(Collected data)

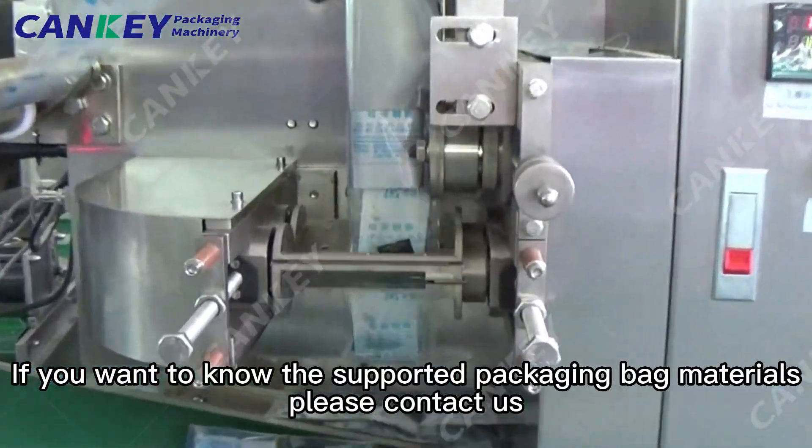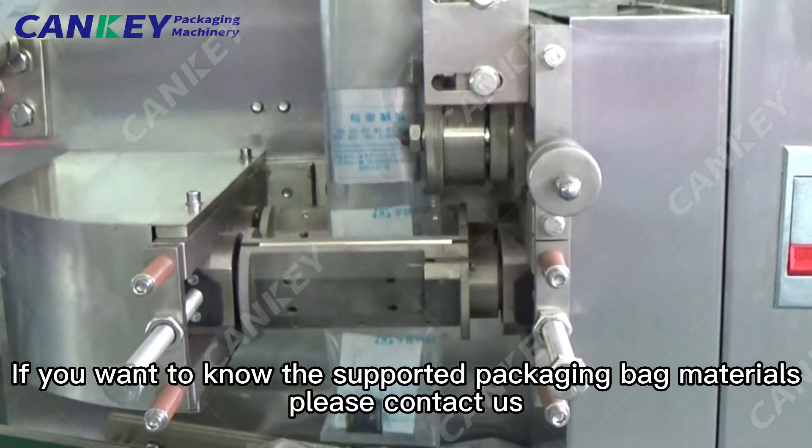If you want to know the supported packaging bag materials, please contact us.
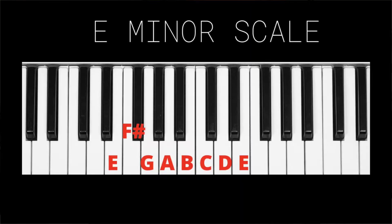And the same is true of E minor. To build our E natural minor scale, we start on E. We go up a whole step to F sharp, up a half step to G, up a whole step to A, up a whole step to B, up a half step to C, up a whole step to D, and up a whole step to E. And that is our E natural minor scale.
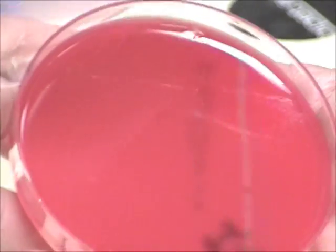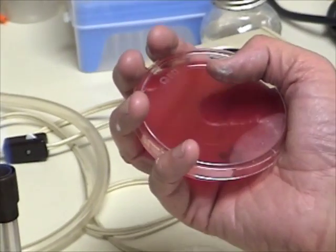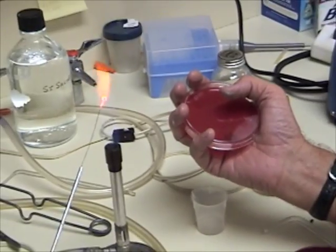Without digging into the agar, you want to not put too much pressure on the loop.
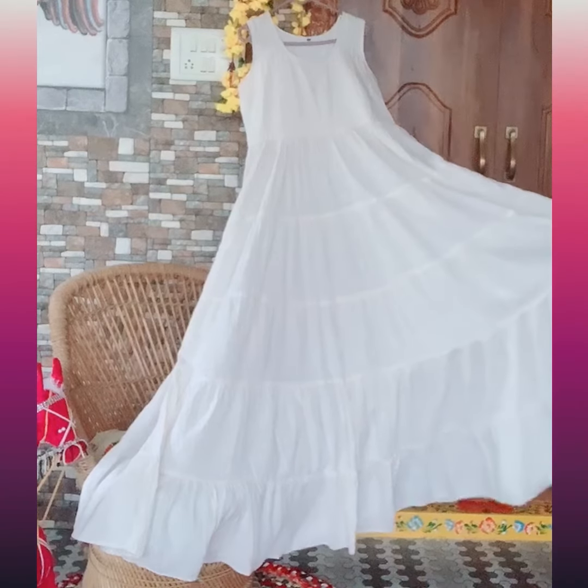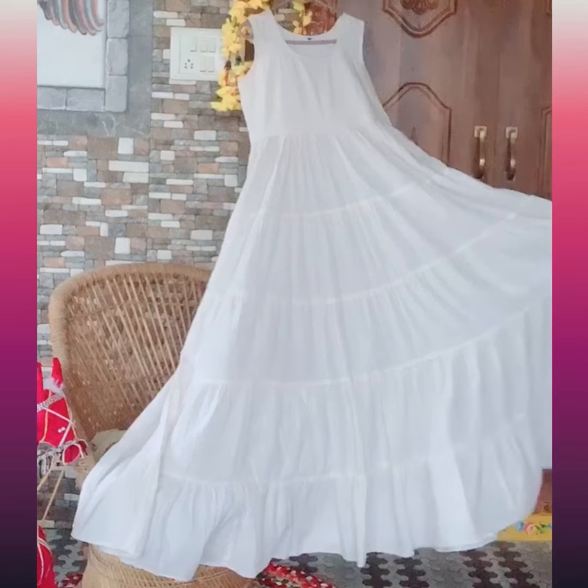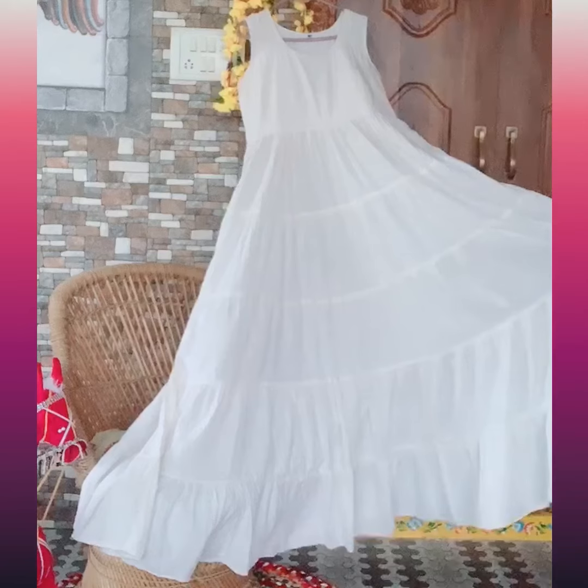Hey all! So in today's styling video, I am going to show you all how to create a boho look from this plain white tiered maxi dress. So have fun watching!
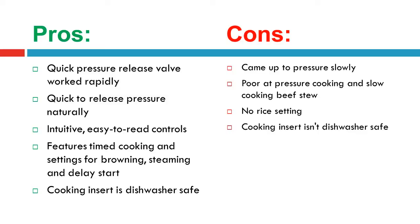Cons: Came up to pressure slowly. Poor at pressure cooking and slow cooking beef stew. No rice setting. Cooking insert isn't dishwasher safe.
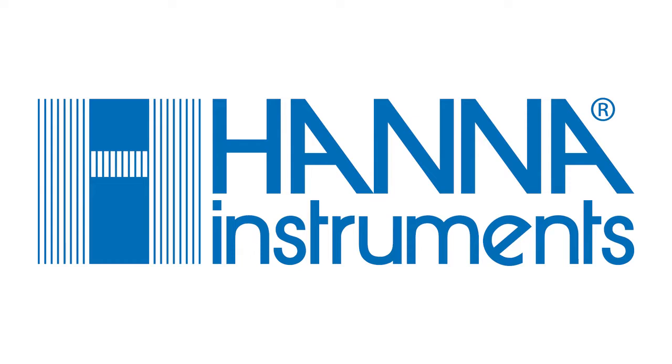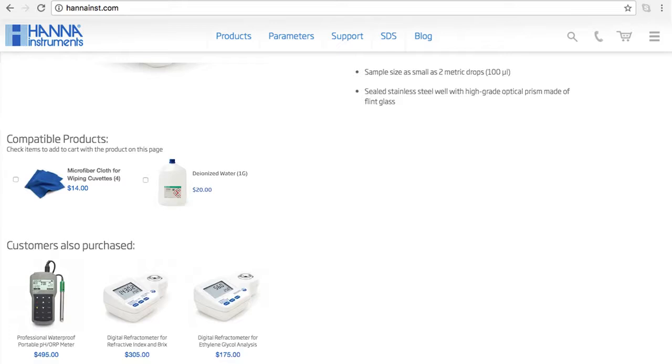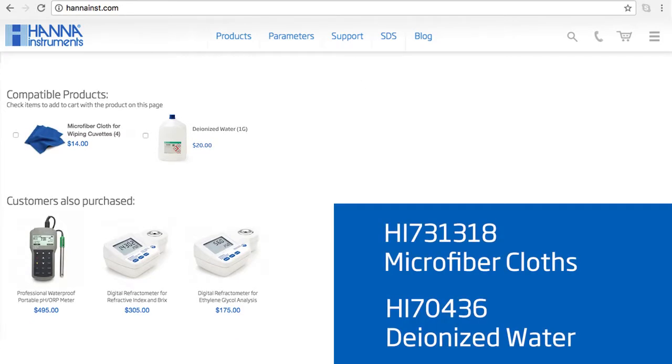HANA Instruments provides you with the necessary tools to succeed. Your meter includes one 9-volt battery and the instruction manual. I recommend you check out our compatible products on our website. For this meter, I recommend our HI731-318 microfiber cloths and HI70436 deionized water.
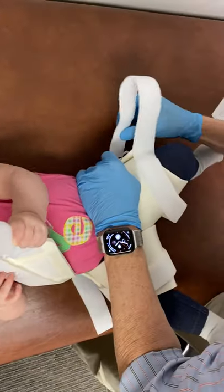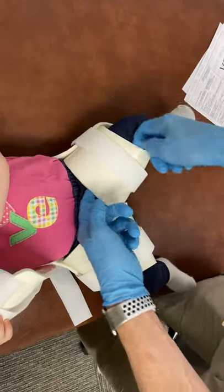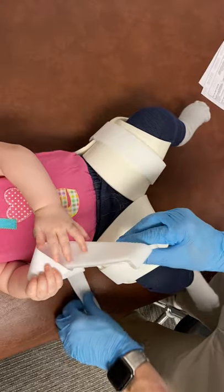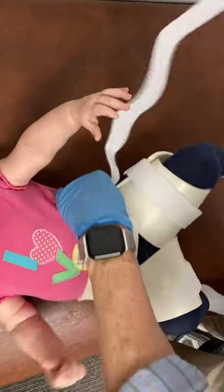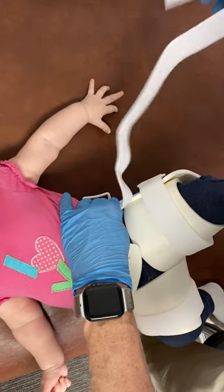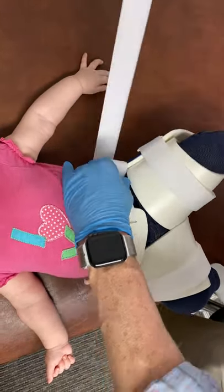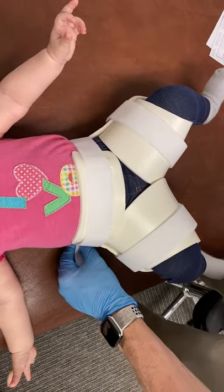Then take this one here and go straight through this buckle. Same thing — not super tight, we're not trying to make a tourniquet, just snug enough to hold the legs out. Then this one is going to find the little buckle way over on this side, so tilt a little bit, feed this strap through, close the strap, and we are completely finished.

What this task involves: Please print exactly the lines from the one holding "Hey all! So" through the final line of the data above, including both, and skip all pictures.

Solved exercise:
Hey all! So in today's styling video, I am going to show you all how to create a boho look from this plain white tiered maxi dress. So have fun watching!
Cons: Came up to pressure slowly. Poor at pressure cooking and slow cooking beef stew. No rice setting. Cooking insert isn't dishwasher safe.
HANA Instruments provides you with the necessary tools to succeed. Your meter includes one 9-volt battery and the instruction manual. I recommend you check out our compatible products on our website. For this meter, I recommend our HI731-318 microfiber cloths and HI70436 deionized water.
Then take this one here and go straight through this buckle. Same thing — not super tight, we're not trying to make a tourniquet, just snug enough to hold the legs out. Then this one is going to find the little buckle way over on this side, so tilt a little bit, feed this strap through, close the strap, and we are completely finished.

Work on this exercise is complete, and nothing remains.